Differences between revisions 79 and 105 (spanning 26 versions)

Databases

Other SAGE Days 4 Projects

SAGE interface to sqlite: creating your own database using sqlite in sage

Robert Miller, Emily Kirkman, Tom Boothby, David Joyner, Yi Qiang

SAGE Enhancement Proposal

Create two classes for interacting with sql databases: the base class will be an immutable database object, and a mutable database object will extend that one with modification functions. Create a separate Query class that points to a specific database, keeping track of a query string and a set of join instructions, with logico-arithmetic operations like and, or, etc.
1. class SQLDatabase(SageObject) is the base.
  - idea - a different class for databases that are included with sage
  - instance field
    - filename -- the database itself
    - connection -- a pysqlite connection to 'filename'
    - dict of tables -- keyed by table name, entries are
      - dict of columns -- keyed by column name, keeps track of indices, primary key state, data type
  - functions
    - init
      - D = SQLDatabase('graphs.db') returns a database on graphs up to 1,000,000 vertices, which is queryable, but cannot be modified.
    - copy
      - creates new db, mutable by default
      - skeleton option will create a new mutable database with empty tables but the same column/index/primary key structure
    - save
      - D.save('my.db') should copy the class's database file to my.db.
      - option to close connection with old file and connect to new file, but default behavior shouldn't do this. motivation:
        D = Database() D.add( something great! ) # If save automatically connects D.save('im_rich.db') # to saved file, results could D.remove( the great ) # easily be lost. D.add( useless ) D.save('crap.db') # Oh crap!
    - print
      - should print a string describing the skeleton of the database
    - vacuum
2. class MutableSQLDatabase(SQLDatabase) -- seems counterintuitive, to avoid issues relating to stupid people accidentally messing up an important database in a public setting (if possible) -- best way to avoid this is to not have mutation functions at all
  - functions
    - init
      - D = MutableSQLDatabase() creates a new temp db, ready to go
      - D = MutableSQLDatabase('mydb.db') opens a connection to mydb.db, ready to go
      - D = MutableSQLDatabase('yourdb.db') if called on a protected database, just make a temp copy and connect to that
    - create/drop table
    - create/drop column( column name, col type, table, bool index=False, bool primary key=False )
      - if no table specified, raise an error and educate user about sql
    - create/drop index( column, table(s) )
    - create/drop primary key( column, table )
      - QUESTION: should we allow multiple tables? bounce this off someone who knows (i.e. is it possible to do this with sqlite?)
    - create/drop row( table, dict )
      - create accepts a dictionary keyed by column name
        def foo(table=None, **kwds): if table is None: raise KeyError('Table must be specified') print kwds sage: foo(table='table_name', stuff='poo', dog='cat') {'stuff':'poo', 'dog':'cat'} sage: foo(stuff='poo', dog='cat') Exception (click to the left for traceback): ... KeyError: 'Table must be specified'
    - for later? add data from whatever (e.g. quickly via sql file): magic function to deal with other ways to add data? think about this more later.
3. class AdvancedQuery(SageObject) -- simply a pointer to an SQLDatabase object (recall, this could be mutable), and a string.

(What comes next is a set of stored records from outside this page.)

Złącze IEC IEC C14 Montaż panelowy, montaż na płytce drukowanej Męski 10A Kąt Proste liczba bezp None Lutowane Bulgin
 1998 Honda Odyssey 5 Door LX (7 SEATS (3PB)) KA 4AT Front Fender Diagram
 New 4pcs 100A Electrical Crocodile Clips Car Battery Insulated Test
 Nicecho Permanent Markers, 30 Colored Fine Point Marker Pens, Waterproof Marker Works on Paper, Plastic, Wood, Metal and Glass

When run_query is called, query the database and return results.
4. class Query(AdvancedQuery) -- a naive query class for the n00b in us all...
  - comes with operations intersect, union and complement
  - creating a new query: specify one table, columns, and simple search string (i.e. the "WHERE" clause)
  - A dict with entries for the "SELECT" clause, the "FROM" clause, and the "WHERE" clause
  - allows for recursive searching quickly, since we can simply modify the string, and wait until we have to execute the query
  - deals with crazy stuff like joins automatically, informing user of what is required of him/her
Persistent objects via ZODB. Only stores data for objects that have been declared to the db to be immutable, and only for classes that instantiate the proper functionality. Do this with at least one class to provide an example.
- perhaps a global option of whether to cache anything available or not, as well as class-level option for same thing
- different classes of objects would have different tables, defined by their classes.
- any object would be required to be set immutable. when it is set to mutable again, the entry in the database corresponding to the object would be dropped.
- export these tables to files, along with a pickle of each object, if desired.
  - note- this should not necessarily be depended on! pickling isn't quite stable yet. As William says, the safest is to store things in a text file, together with a function that can recreate the pickles (with a current version so pickles are up to date).
Create a web server modeled on the new notebook that uses Zope to serve either sql databases (for query type webpages like Grout's) or ZODB databases (e.g. for webpages such as WS's Modular Forms Database).
Automated Caching
- idea - when you do an expensive calculation on an object, the result is automatically stored in a global database.
- ZODB may be very good for object persistence
  - caveats: sometimes you need to tell ZODB that you have changed some data or else it won't remember...
  - ZODB never shrinks a file, unless you call a vacuum-like command
  - pickling is dangerous without a plain text backup, since pickling can fail when you bridge versions...
    - therefore, it is best to have a plain human-readable text file, and a function that will read in the text and convert the data to current pickled cucumbers...
  - real-world data is great for recursive databasing, but algebraic objects can be too complicated...
  - it's like a dictionary...
Online databases
- (*) host these same portable mergable files online, in a killer 2.0 web app that serves the data
- modeled on the notebook server, there could be a database server... Tom?... Can you hear me?... Apparently there's a SQLite server for Windoze called SQLite_on_sockets. That should be useful...
- these databases could also serve sobj's, and depending on how ambitious people are, it could seamlessly interface with the notebook...

Unresolved issues

lists as entries
- storing a whole list in one entry in the database: this is feasible via Emily's rawking regexp skills, IF we can find a delimiter guaranteed not to be in pickle strings. It is optimal for speed and memory.
- storing a list as an array of rows (experience tells us that this is inefficient)
Licensing: \exists DBGPL?
Noticing identical database entries [added by David Joyner -- I think this can be resolved using a query. Is that correct Tom?]
[added by David Joyner] I'd like the issue of "uniformity" to be discussed. For example, I think having an "AUTHORS" and "REFERENCES" field (like the OEIS) would be great. For example, when Kate Minolta computes a new Conway polynomial, not only is the entry added by she gets proper credit.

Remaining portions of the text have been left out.